Caption-style text data
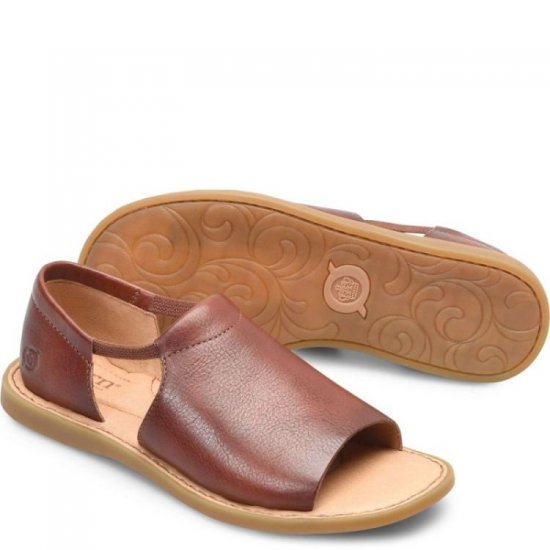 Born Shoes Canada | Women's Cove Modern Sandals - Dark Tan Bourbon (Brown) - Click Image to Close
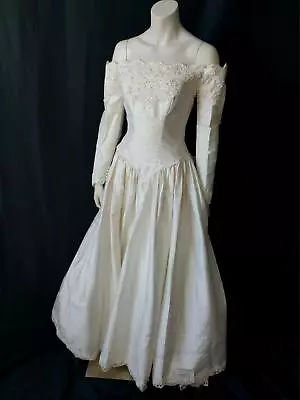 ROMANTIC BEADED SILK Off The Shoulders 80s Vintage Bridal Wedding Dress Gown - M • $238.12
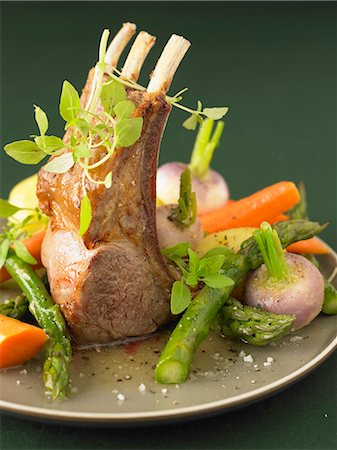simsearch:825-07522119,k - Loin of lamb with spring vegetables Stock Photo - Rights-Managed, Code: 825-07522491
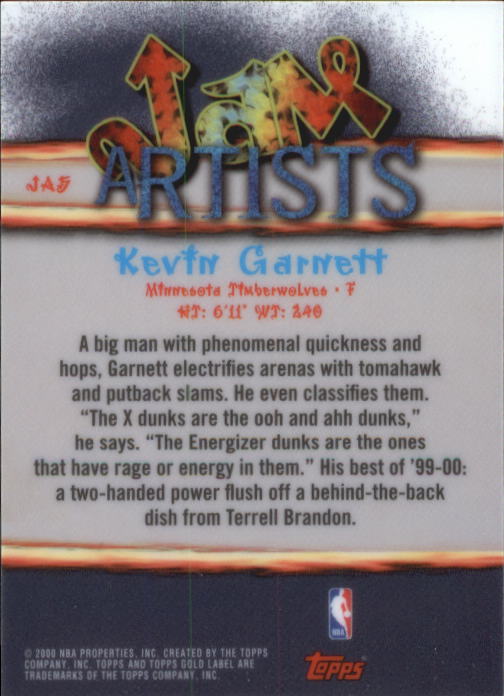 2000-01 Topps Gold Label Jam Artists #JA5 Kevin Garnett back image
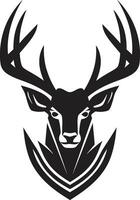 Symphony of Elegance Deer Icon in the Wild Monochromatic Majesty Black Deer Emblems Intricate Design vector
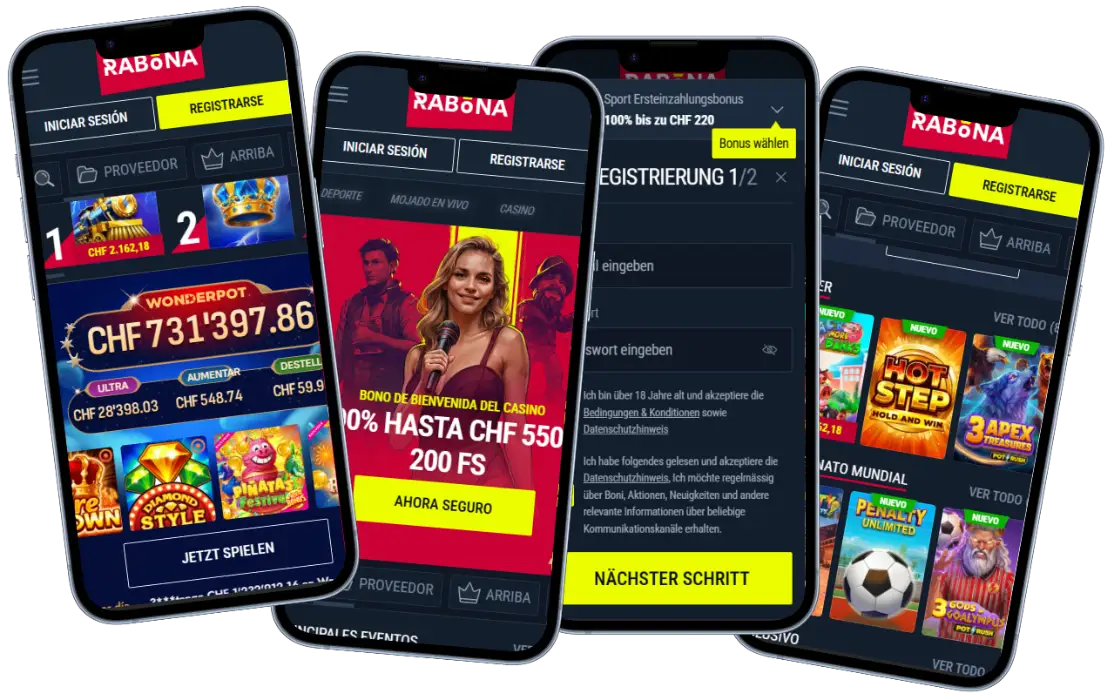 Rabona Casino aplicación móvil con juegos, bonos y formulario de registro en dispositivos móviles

== Exercise requirements ==
Leaving the pictures out, give back each line above exactly.

== Exercise output ==
 Born Shoes Canada | Women's Cove Modern Sandals - Dark Tan Bourbon (Brown) - Click Image to Close
 ROMANTIC BEADED SILK Off The Shoulders 80s Vintage Bridal Wedding Dress Gown - M • $238.12
simsearch:825-07522119,k - Loin of lamb with spring vegetables Stock Photo - Rights-Managed, Code: 825-07522491
 2000-01 Topps Gold Label Jam Artists #JA5 Kevin Garnett back image
 Symphony of Elegance Deer Icon in the Wild Monochromatic Majesty Black Deer Emblems Intricate Design vector
 Rabona Casino aplicación móvil con juegos, bonos y formulario de registro en dispositivos móviles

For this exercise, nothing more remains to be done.